The invention relates generally to oceanic installations and more particularly to systems and methods for oceanic algal fostering and for initiating and maintaining oceanic fisheries.

2. Description of the Related Art

It is known that if, in suitable geographical locations, the ocean's deeper nutrient rich waters is pushed to the surface, algal blooms and fisheries may rapidly and abundantly developed under certain conditions.

Nutrient rich water to the surface, where sunlight can reach it, may provide the environment for massive broad spectrum algal growth. The natural result of this is that an ecosystem of marine life may develop to feed on this provided food source, and thus, a prolific, natural, wild fishery may occur.

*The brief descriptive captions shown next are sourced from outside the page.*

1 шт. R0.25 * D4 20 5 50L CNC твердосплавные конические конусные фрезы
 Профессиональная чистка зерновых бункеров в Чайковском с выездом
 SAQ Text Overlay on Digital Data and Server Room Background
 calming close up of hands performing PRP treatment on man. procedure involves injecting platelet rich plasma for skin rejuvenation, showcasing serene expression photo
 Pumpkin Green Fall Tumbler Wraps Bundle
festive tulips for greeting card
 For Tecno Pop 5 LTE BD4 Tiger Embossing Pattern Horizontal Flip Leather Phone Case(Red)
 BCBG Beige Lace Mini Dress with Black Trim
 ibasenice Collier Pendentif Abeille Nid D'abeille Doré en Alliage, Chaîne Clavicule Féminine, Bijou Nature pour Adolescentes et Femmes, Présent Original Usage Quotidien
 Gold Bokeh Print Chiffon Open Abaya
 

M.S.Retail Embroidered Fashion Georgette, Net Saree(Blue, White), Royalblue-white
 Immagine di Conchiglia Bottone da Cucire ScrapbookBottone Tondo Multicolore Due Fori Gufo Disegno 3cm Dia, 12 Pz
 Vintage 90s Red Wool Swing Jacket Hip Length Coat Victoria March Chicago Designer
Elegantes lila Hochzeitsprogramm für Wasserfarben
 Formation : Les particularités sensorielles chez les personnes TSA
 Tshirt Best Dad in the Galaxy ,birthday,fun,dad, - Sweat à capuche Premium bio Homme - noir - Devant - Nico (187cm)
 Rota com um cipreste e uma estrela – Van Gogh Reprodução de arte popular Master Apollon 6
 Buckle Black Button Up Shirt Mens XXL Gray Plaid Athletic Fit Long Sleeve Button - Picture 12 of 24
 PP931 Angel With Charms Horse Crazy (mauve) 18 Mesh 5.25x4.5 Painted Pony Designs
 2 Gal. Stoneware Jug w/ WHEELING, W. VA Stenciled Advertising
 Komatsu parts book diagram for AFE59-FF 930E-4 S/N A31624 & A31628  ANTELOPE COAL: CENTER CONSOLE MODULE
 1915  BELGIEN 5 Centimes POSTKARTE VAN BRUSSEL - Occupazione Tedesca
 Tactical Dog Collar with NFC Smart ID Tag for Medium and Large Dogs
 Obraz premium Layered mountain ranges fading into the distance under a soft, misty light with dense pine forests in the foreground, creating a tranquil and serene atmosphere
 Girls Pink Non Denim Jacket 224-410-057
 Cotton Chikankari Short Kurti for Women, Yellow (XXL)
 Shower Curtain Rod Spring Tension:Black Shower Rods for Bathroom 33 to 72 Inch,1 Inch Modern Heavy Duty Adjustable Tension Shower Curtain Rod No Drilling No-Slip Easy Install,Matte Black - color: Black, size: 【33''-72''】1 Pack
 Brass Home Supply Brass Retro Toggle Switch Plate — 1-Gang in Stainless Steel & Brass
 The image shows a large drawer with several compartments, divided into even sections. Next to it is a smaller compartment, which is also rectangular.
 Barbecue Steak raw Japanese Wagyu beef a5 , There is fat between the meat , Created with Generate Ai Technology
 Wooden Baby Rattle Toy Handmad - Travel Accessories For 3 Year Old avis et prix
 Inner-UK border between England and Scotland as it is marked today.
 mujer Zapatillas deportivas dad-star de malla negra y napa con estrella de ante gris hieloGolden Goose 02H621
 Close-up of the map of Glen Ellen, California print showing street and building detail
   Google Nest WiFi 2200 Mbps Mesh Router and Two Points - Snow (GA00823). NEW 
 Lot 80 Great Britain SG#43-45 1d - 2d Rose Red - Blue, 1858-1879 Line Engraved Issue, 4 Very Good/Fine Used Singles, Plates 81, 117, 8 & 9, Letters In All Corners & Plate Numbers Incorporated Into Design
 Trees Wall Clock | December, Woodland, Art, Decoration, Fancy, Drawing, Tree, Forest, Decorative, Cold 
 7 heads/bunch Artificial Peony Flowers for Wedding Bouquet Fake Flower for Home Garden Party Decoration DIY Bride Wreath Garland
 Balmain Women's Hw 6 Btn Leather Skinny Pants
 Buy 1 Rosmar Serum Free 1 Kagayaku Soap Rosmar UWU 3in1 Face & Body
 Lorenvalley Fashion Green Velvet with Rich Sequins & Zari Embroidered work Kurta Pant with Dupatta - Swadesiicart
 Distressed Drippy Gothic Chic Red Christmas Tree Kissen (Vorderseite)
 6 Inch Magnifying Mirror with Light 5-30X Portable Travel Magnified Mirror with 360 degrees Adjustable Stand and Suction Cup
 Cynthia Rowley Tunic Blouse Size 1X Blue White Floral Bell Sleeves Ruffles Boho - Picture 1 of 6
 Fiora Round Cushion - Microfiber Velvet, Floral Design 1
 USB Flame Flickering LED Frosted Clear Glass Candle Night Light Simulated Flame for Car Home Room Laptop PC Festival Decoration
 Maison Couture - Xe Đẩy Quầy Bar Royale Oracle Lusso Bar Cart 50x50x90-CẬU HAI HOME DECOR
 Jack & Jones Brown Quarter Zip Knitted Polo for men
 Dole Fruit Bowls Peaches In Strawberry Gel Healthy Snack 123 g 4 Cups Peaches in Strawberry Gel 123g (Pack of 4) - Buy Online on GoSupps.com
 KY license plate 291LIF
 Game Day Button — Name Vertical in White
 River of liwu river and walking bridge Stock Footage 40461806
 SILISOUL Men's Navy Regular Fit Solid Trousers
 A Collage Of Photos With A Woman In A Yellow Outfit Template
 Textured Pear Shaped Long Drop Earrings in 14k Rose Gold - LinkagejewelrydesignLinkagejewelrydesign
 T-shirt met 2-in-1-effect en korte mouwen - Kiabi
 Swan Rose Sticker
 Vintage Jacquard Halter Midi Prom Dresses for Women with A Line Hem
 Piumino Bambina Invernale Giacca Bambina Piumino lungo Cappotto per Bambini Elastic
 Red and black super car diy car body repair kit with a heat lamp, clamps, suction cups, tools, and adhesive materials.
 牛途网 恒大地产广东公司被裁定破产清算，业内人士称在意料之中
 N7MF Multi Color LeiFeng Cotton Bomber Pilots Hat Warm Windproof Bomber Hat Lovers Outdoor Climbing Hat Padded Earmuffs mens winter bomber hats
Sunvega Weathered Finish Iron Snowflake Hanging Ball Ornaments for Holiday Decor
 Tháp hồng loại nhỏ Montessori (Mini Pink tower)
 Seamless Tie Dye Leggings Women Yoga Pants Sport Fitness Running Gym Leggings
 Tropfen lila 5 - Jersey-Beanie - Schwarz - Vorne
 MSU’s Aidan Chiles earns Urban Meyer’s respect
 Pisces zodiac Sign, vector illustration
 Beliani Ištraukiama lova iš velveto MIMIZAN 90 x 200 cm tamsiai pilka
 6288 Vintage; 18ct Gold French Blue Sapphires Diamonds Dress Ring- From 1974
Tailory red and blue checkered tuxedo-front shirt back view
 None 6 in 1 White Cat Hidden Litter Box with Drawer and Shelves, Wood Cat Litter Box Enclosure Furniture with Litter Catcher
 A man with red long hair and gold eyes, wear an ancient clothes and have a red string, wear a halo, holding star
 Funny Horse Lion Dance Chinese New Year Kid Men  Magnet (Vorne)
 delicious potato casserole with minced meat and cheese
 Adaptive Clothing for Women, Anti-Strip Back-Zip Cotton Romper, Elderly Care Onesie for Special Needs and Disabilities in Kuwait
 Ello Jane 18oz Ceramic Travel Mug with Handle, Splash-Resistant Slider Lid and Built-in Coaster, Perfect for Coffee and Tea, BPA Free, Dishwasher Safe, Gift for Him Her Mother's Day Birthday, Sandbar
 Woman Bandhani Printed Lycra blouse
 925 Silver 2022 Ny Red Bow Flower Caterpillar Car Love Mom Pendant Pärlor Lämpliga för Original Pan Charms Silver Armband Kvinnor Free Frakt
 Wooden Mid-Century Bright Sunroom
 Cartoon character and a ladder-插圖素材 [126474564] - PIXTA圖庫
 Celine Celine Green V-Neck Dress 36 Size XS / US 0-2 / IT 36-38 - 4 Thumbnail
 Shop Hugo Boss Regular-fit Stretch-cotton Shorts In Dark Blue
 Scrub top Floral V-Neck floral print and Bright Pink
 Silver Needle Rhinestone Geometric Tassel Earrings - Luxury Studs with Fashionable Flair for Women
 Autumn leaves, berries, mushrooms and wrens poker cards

Where this phenomenon occurs naturally (e.g. along the coast of Peru/Chile, California, Alaska or South Africa) it may be observed that some of the greatest concentrations of marine life on the planet have naturally proliferated. The phenomenon translates into great economic benefits for the respective regions and for the world at large.

Discussions about how to artificially replicate this extraordinary phenomenon by pumping nutrient rich deep ocean waters to the surface for fisheries related initiatives have been held for years. However, the discussed approaches appear to leave unaddressed/unresolved the very important problems related to the natural tendency of the cold, dense, nutrient rich water to sink back to the bottom of the ocean and/or the problem of disturbing the vertical integrity of the ocean's thermoclines. A solution is needed to solve these problems by employing a system and process for warming up the ascending waters. Another reason/benefit of warming the ascending waters is that algal growth can be accelerated in warmer waters as can fish growth and conversion ratios (food eaten to bodyweight gained may also be higher {i.e. fish gain more weight per pound of food eaten}). Also unaddressed appears to be a means to actively and rapidly re-aerate/re-oxygenate the deeper, nutrient rich waters, which would offer increased efficiency and performance to such a system.

Thus, there is a need for a new and improved system and method to address the problems described above.

BRIEF SUMMARY OF THE INVENTION

This Summary is provided to introduce a selection of concepts in a simplified form that are further described below in the Detailed Description. This Summary is not intended to identify key aspects or essential aspects of the claimed subject matter. Moreover, this Summary is not intended for use as an aid in determining the scope of the claimed subject matter.

In one exemplary embodiment, when the cold, nutrient rich, deep waters are brought to the surface, these ascending cold waters are brought into contact with one or more heat exchangers which act to warm the ascending cold water inside the hoses, drawing the heat energy directly from the warmer waters surrounding the hoses. This design ensures that the nutrient rich deep waters arrive at the surface at the surface ambient temperature. One reason for this is so that the colder, denser, nutrient rich deep waters may be brought to the surface without immediately sinking back to the bottom of the ocean (due to their greater density). Another objective of this design is to maintain the vertical integrity of the ocean's thermoclines as will be explained in more detail later.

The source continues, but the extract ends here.